● **WHAT YOU HAVE TO DO**:
In the entries that follow, the line with "Adult Princess Jasmine Dress Adult" opens the range and the line with "The Hamlyn Guide" closes it; repeat that range exactly, both lines included.

Entries taken from a collection
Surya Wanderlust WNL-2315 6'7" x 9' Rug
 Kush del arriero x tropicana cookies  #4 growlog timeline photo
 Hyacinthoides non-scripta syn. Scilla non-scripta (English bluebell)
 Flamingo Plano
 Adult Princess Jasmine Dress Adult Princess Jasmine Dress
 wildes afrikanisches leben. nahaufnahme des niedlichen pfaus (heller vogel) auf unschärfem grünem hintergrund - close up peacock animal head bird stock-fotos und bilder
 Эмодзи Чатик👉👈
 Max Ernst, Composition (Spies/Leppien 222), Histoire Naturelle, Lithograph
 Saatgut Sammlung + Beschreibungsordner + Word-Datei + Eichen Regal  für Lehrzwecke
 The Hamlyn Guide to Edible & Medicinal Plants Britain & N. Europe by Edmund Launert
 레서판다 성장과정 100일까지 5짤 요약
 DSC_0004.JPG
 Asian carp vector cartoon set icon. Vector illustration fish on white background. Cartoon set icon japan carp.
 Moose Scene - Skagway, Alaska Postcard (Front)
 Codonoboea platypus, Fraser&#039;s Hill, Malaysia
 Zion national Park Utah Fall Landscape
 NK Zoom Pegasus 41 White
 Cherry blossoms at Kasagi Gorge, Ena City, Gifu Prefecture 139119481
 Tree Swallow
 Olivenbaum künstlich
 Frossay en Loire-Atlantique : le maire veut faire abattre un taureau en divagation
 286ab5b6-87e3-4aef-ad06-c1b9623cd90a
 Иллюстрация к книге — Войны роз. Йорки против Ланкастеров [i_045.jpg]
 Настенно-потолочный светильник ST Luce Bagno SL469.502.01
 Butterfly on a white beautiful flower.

● **ANSWER**:
 Adult Princess Jasmine Dress Adult Princess Jasmine Dress
 wildes afrikanisches leben. nahaufnahme des niedlichen pfaus (heller vogel) auf unschärfem grünem hintergrund - close up peacock animal head bird stock-fotos und bilder
 Эмодзи Чатик👉👈
 Max Ernst, Composition (Spies/Leppien 222), Histoire Naturelle, Lithograph
 Saatgut Sammlung + Beschreibungsordner + Word-Datei + Eichen Regal  für Lehrzwecke
 The Hamlyn Guide to Edible & Medicinal Plants Britain & N. Europe by Edmund Launert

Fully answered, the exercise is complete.